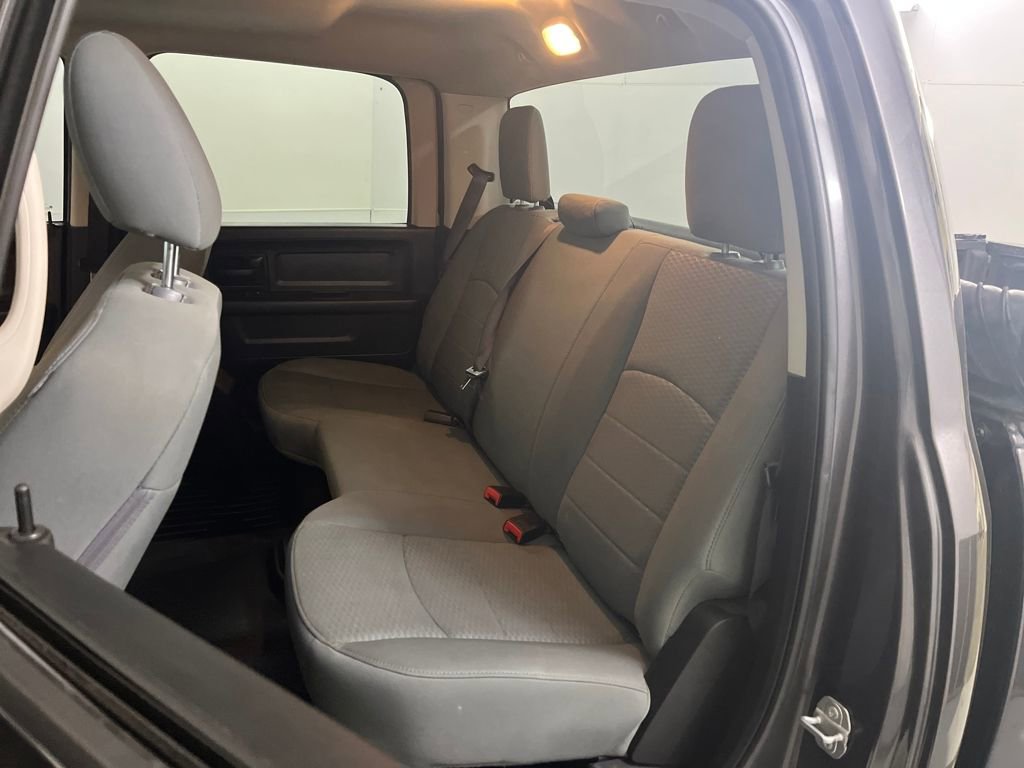 Used 2018 RAM 2500 Tradesman w/ Chrome Appearance Group image 18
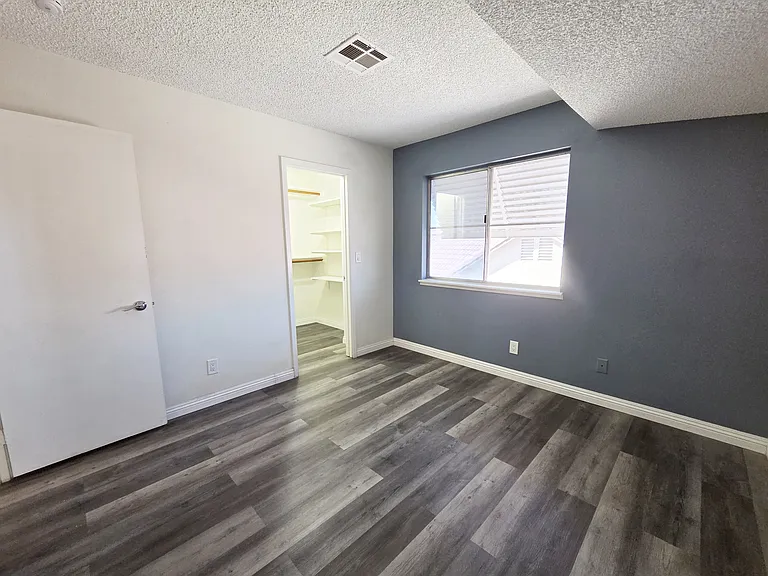 4028 Zapotec Way — Photo 30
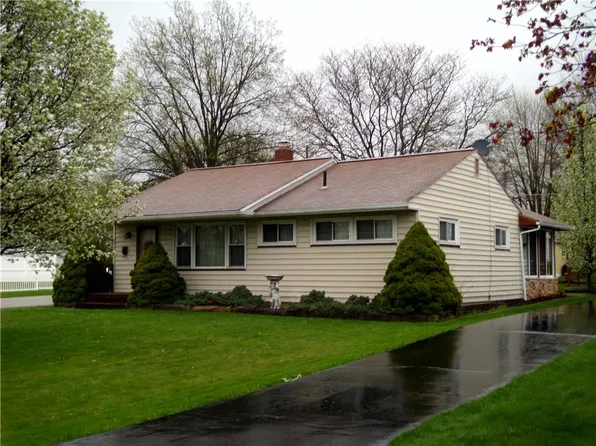 120 Cohasset Dr, Hermitage, PA 16148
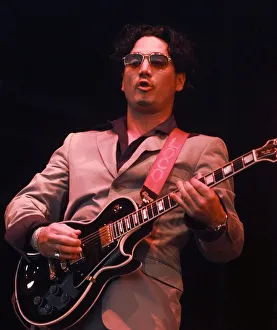 Huey from the Fun Lovin Criminals June 1999 performing on stage at the Glastonbury Huey from the Fun Lovin Criminals June 1999 performing on stage at the Glastonbury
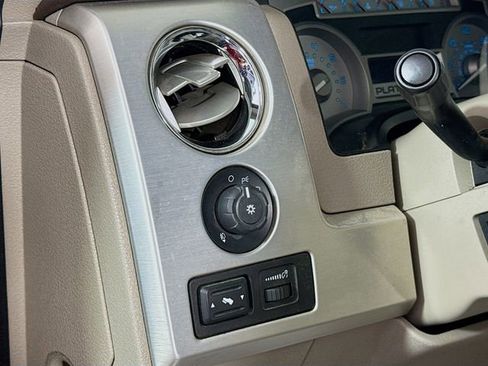 Used 2010 Ford F150 Lariat AWD/4WD image 12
##############################
**To do**
Output the whole listing again, exactly, without its pictures.

**Exercise answer**
 Used 2018 RAM 2500 Tradesman w/ Chrome Appearance Group image 18
 4028 Zapotec Way — Photo 30
 120 Cohasset Dr, Hermitage, PA 16148
 Huey from the Fun Lovin Criminals June 1999 performing on stage at the Glastonbury Huey from the Fun Lovin Criminals June 1999 performing on stage at the Glastonbury
 Used 2010 Ford F150 Lariat AWD/4WD image 12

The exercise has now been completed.